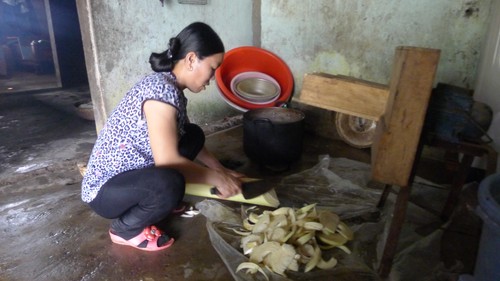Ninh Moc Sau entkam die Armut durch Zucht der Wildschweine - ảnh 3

---

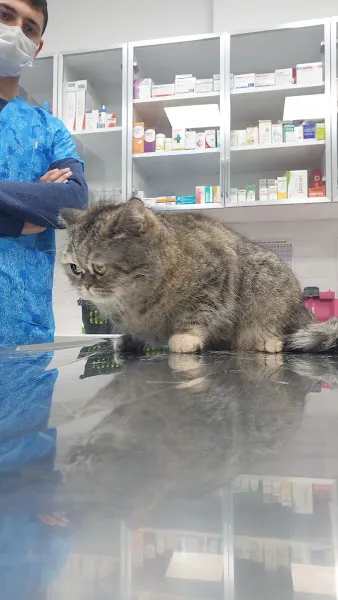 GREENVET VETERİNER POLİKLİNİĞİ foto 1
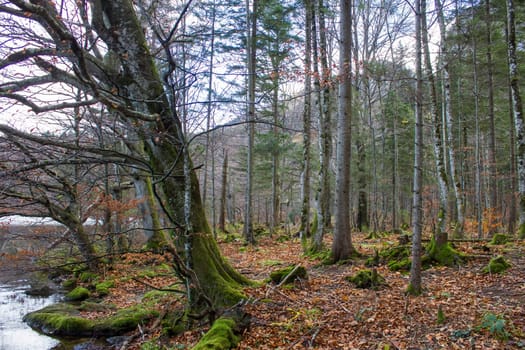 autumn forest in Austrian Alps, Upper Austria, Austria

**WORK INSTRUCTION**
Going by the data above, give back only the lines from the one containing "GREENVET VETERİNER POLİKLİNİĞİ foto 1" through the one containing "autumn forest in", exactly as they stand, both ends included and no images.

**REPLY**
 GREENVET VETERİNER POLİKLİNİĞİ foto 1
 autumn forest in Austrian Alps, Upper Austria, Austria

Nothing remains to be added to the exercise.